Having me or someone else there at least temporarily distracts my mum away from her normal activities on her own of wandering from room to room looking endlessly for something, rearranging things and writing another reminder note to add to the collection all round the house. Other posts have suggested looking up local support groups/activities too. If your mum has friends locally then speak with them and ask if they can proactively get in touch with your mum to meet up every now and then. If they don't fully understand her condition then they won't realise that she may not have the wherewithal to actively ring them and that it's not that she doesn't want to. Good luck and best wishes to both of you.
 

Norfolk Cherry

Registered User
Feb 17, 2018
321
0
This is similar to what happened to us when my mum moved after the death of my dad 9 years ago. I only noticed symptoms after the move, in fact she got lost in the car on route on moving day , in a very familiar area. Later, I introduced myself to her neighbours, explained the situation and gave them my contact number in case they noticed any problems. It reassured me a lot and they have been very supportive. I also persuaded her to go to a day centre as a 'club' once a week which helped for a couple of years. I hope things settle down with time, but you will both need support as things develop.
 

Grable

Registered User
May 19, 2015
215
0
Njs, yes, I'm sure you're scared - who wouldn't be in this situation? It was probably a good thing to move your mum to a flat when you did, because it will may well mean that she can live 'independently' for longer. We left it too late for our mum and so when she couldn't manage the stairs, or use the over-bath shower, we had little choice other than to move her to a home - which was awful for her and the last thing we wanted to do!

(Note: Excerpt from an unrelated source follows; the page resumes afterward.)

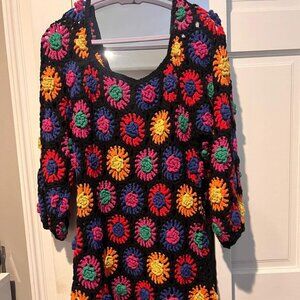 NWT FARM Rio long sleeved crochet mini dress with flower pattern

Now that she's there, you need to find things for her to do. There may, as others have said, be day centres around. Get in touch with your local council to find out what else is available. In Mum's area (Derbyshire), there were conversation clubs, 'living at home' lunches, 'singing for the brain', armchair exercises and other things. You may find you need to employ somebody from a care agency to take her to these events if nobody from the family or her circle of friends is available. And she might join in with activities which are laid on if she's accompanied the first few times?

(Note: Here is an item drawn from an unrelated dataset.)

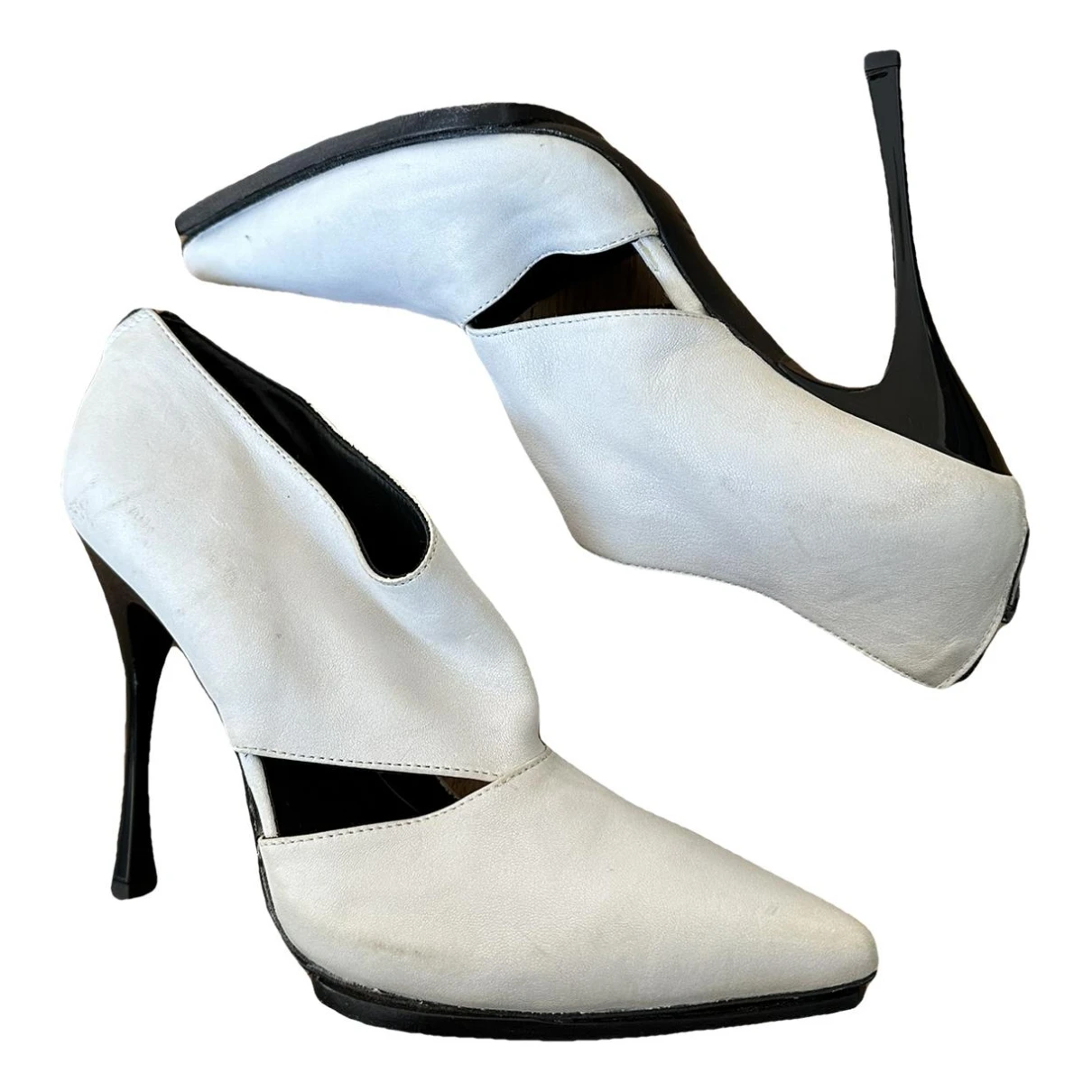 Pre-owned Ann Demeulemeester Leather Heels In White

Another thing which would be nice would be to arrange for some of her old friends to come for tea occasionally. You'd just need to provide sandwiches and cakes and let your mum be the hostess (with you as waiter and chief steward!). Mine could cope with four or five people at any one time at first, but later her ability to manage such groups deteriorated and it would be one or two people. Mum found this helpful, as she could move in and out of the conversation that others were having, rather than trying to keep up all the time herself.

Lasting Power of Attorney has already been mentioned. Make sure this is done for both finance and health and social care while she is still able to make decisions - without, life will become very difficult.